CodeVault CLI to generate static files

Installation

npm i -D codevault-cli # local
npm i -g codevault-cli # global

Usage

codevault <file|glob> [context] [options]

For convenience, process.env object is added to the context as env.

Basic examples

codevault foo.tpl context.json

Compiles foo.tpl to foo.sql with context data from context.json (and variables from process.env as env).

codevault **/*.tpl

Compiles all .tpl files (including subdirectories), except the ones starting by _ (so you can use them as layouts).

Options

--path <directory>

-p <directory>

Path where the templates live. Default to the current working directory.

--out <directory>

-o <directory>

Output directory.

--watch

-w

Allows to keep track of file changes and render accordingly (except files starting by _).

--extension <ext>

-e <ext>

Extension for rendered files. Defaults to sql.

--options <file>

-O <file>

Takes a json file as codevault render options. Defaults are:

trimBlocks: true,
lstripBlocks: true,
noCache: true,
autoescape: true

Advanced examples

codevault foo.tpl -p src -o out -O render.json

Compiles src/foo.tpl to out/foo.sql, with render.json as codevault render options.

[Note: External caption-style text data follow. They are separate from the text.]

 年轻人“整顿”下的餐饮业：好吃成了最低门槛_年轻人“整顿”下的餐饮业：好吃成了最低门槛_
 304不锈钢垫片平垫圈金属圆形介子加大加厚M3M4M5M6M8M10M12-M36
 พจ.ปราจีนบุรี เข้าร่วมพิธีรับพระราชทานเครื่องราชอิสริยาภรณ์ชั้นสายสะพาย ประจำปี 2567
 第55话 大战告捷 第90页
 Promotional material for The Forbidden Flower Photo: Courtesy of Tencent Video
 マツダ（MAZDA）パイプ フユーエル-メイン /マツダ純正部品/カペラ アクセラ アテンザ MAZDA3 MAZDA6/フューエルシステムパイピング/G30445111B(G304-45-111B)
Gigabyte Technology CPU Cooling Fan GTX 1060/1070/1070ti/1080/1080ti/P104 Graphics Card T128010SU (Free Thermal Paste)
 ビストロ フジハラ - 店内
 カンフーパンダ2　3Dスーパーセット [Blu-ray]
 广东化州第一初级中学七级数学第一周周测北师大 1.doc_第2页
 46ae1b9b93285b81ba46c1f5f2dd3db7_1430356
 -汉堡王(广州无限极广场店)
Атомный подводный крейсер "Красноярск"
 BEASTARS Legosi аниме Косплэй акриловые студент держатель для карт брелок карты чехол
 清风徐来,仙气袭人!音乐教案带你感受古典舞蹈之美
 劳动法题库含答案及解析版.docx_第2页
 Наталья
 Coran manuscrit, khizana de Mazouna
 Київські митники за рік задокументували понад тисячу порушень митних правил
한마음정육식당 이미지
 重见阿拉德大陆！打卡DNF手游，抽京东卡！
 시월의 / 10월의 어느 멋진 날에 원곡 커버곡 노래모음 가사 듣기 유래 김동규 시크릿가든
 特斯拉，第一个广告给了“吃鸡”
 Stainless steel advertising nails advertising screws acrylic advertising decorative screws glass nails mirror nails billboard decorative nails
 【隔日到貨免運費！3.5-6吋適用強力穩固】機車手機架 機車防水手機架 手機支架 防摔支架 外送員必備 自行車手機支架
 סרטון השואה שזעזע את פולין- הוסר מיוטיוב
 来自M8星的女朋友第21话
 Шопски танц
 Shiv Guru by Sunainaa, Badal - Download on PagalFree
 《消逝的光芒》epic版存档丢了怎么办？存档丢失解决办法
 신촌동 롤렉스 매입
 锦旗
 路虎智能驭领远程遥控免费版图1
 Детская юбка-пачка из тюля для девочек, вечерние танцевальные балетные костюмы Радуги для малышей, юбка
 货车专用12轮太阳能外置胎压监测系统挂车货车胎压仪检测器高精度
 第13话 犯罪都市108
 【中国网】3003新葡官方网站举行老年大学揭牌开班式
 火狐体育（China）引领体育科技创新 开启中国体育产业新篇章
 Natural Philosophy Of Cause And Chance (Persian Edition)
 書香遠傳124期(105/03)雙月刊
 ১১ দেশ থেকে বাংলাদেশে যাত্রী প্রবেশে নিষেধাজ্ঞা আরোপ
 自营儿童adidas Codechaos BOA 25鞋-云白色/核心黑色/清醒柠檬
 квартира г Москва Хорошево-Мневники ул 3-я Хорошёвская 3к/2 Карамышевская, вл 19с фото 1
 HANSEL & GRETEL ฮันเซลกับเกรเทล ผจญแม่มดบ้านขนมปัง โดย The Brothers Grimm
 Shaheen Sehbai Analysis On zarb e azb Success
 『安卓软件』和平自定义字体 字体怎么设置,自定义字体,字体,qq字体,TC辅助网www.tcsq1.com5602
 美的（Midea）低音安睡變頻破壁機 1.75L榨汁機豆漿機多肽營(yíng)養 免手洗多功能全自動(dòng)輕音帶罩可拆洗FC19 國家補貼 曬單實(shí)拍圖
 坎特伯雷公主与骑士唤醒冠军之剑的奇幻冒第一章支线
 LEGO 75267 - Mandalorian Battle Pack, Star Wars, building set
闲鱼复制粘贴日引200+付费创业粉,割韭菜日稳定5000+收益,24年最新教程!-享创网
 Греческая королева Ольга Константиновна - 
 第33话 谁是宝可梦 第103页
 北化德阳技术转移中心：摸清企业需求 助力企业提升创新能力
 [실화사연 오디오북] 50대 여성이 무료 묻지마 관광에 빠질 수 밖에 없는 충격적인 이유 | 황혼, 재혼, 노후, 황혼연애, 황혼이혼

codevault *.tpl context.json -w -p src

Compiles all .tpl files (except ones starting with _) in the src folder to the current working directory, with context.json as context, and keeps running in the background for files changes.

Configuration

Environment settings

You can create .env file in the project root folder to define project specific environment settings.

Default context file

If context file is not specified in command line then use the following:

If NODE_ENV environment attribute is set to production then take context.json file in the project root folder. Otherwise take local.context.json file.